A long, loud whine... ahhhh!!
Suprisingly,I have never lost my temper and either ignore, say hello or speak in Mandinka.
Bumsters are basically men aged around 17 to 35 who annoy the crap out of all white females (sometimes men too). They have their usual lines and generally make life hard because a short walk on the beach, a walk to the market, actually anywhere near the coastal area is the bumsters playground.
Bumsters annoy all women, all ages and some try and pick up white females in the hope of getting money or a VISA. The sad and disconcerting thing is the number of older and unattractive ladies that visit The Gambia solely to have relations with a bumster. Many give the bumsters a lot of money and get caught up in this wicked love, power and money struggle. I see it daily on the coast and is uncomfortable to see a lady of 55 plus, with African beads, short skirt and sunburn walking hand in hand with a 25 year old buff fit bumster.

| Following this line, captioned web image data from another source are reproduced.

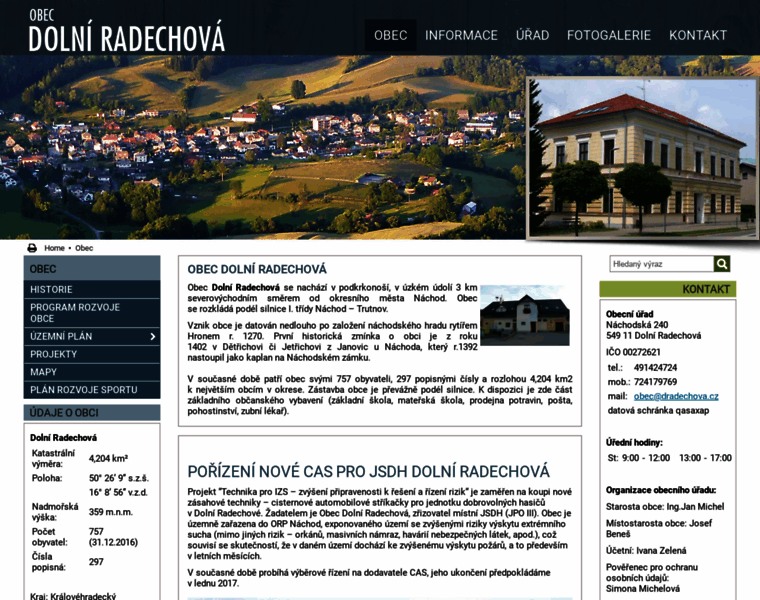 Dolniradechova.cz thumbnail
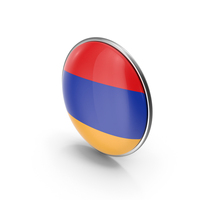 Round Flag of Armenia PNG & PSD Images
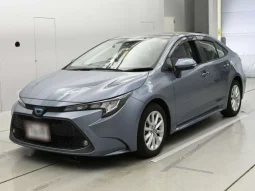 2021 TOYOTA COROLLA S GRAY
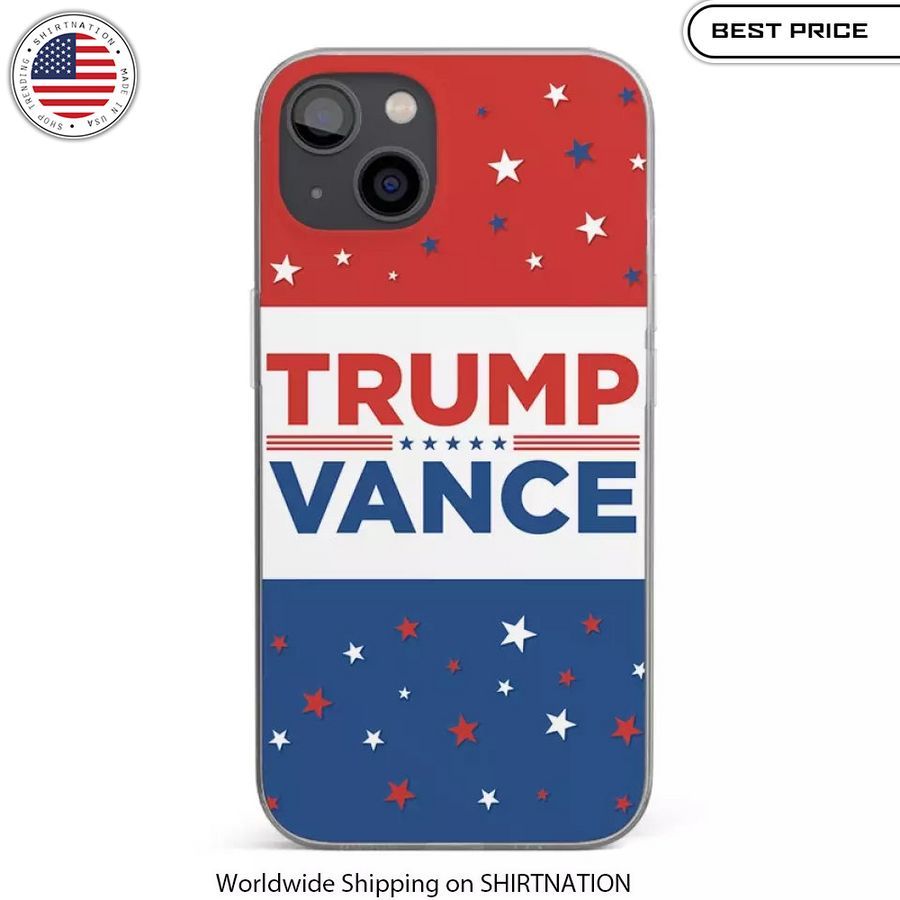 US Election Trump Vance 2024 Phone Case Long-lasting accessory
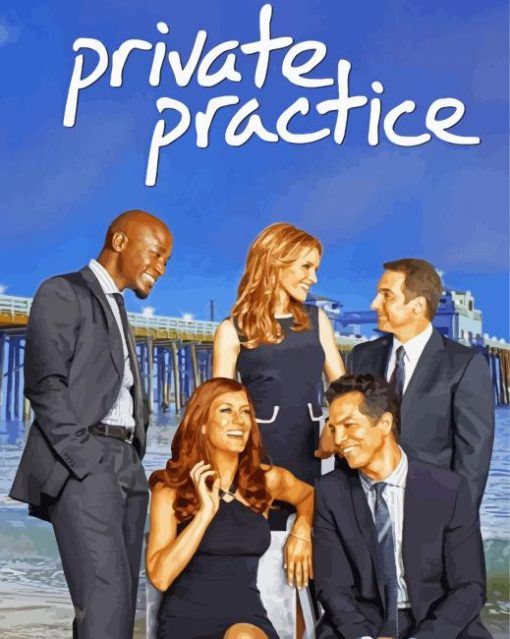 Private Practice Poster Diamond Painting
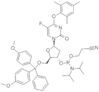 5'-O-(4,4'-DIMÉTHOXYTRITYLE)-5-FLUORO-O4-(2,4,6-TRIMÉTHYLPHÉNYL)-2'-DÉSOXYURIDINE, 3'-[(2-CYANOÉTH…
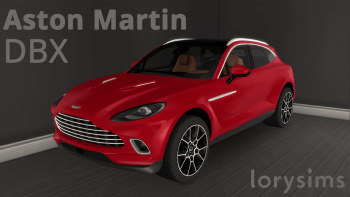 2021 Aston Martin DBX by LorySims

In the past week on the coast I have been bumstered at least 50 times.
Just a 30 minute walk to the bush taxi to go to work in Banjul this week has me hearing the same bumster crap.
Some common lines, all of which I have heard this week..
NUMBER ONE – its nice to be nice.
Welcome to the smiling coast of Africa.
Hey boss lady, I love you.
Hey boss lady, where are you from?
Excuse me, just one minute.
Hey sister, I like the way you walk.
Hey darling, may I walk with you.?
Hey, you are gambian now, do you have a Gambian husband?
Hey darling, I want to marry you, can I walk with you?
Does your husand satsify you?
Hey boss ladies, you are very strong/fit, can I join you? (while my friends and I go for a run we hear this at least 15 times)
Ahh.. Australia, nice country, can you take me with you?
How do you like the Gambia? Do you have a black husband?
Hey boss lady, I like the way you look.
Hey sister do you remember me? I'm Lamin from the hotel..a con used to scam money.